• _AIM OF THE EXERCISE_: Repeat the entire listing exactly. Omit all pictures.

• _DATASET EXCERPT_:
+---+
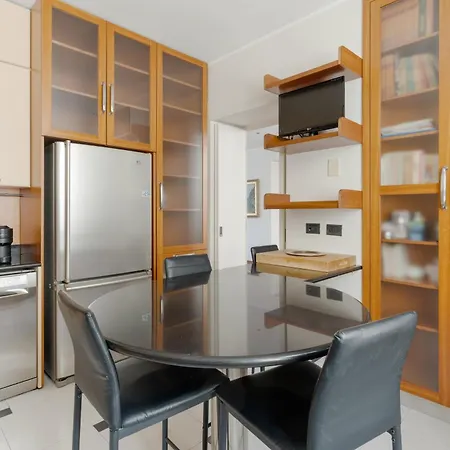 Brera Quadrilocale Di Lusso Con Sauna Apartament Mediolan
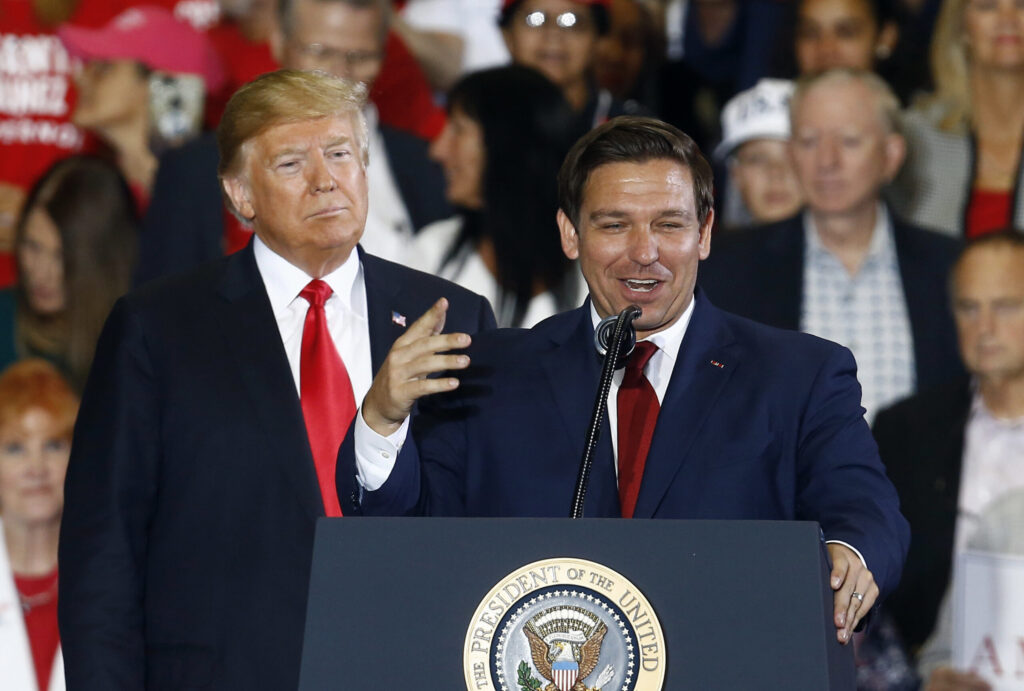 where’s-donald?-desantis-pac-zings-trump-as-‘too-weak-to-debate’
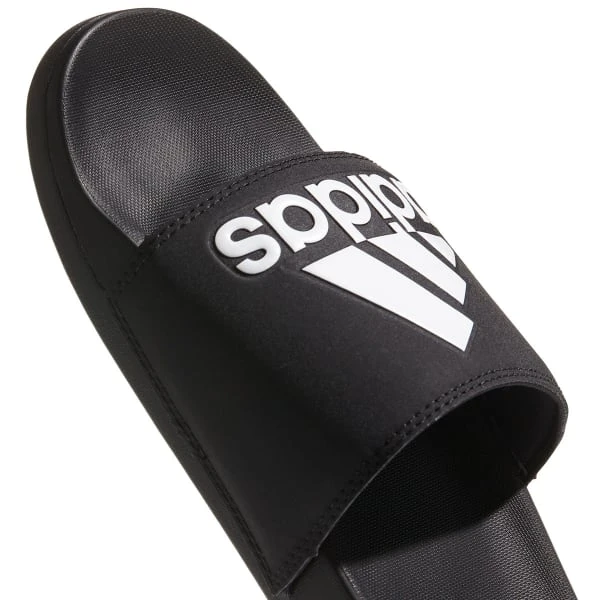 ADIDAS Men's Adilette Cloudfoam Plus Logo Slides - Image 9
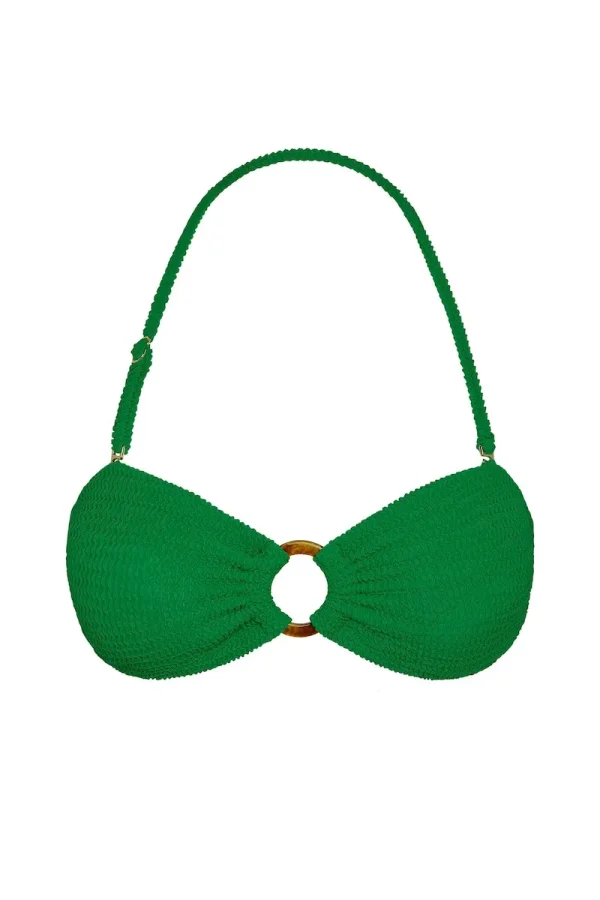 Costa Rica Top Palm Green Crinkle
+---+
• _SOLUTION TO THIS TASK_:
 Brera Quadrilocale Di Lusso Con Sauna Apartament Mediolan
 where’s-donald?-desantis-pac-zings-trump-as-‘too-weak-to-debate’
 ADIDAS Men's Adilette Cloudfoam Plus Logo Slides - Image 9
 Costa Rica Top Palm Green Crinkle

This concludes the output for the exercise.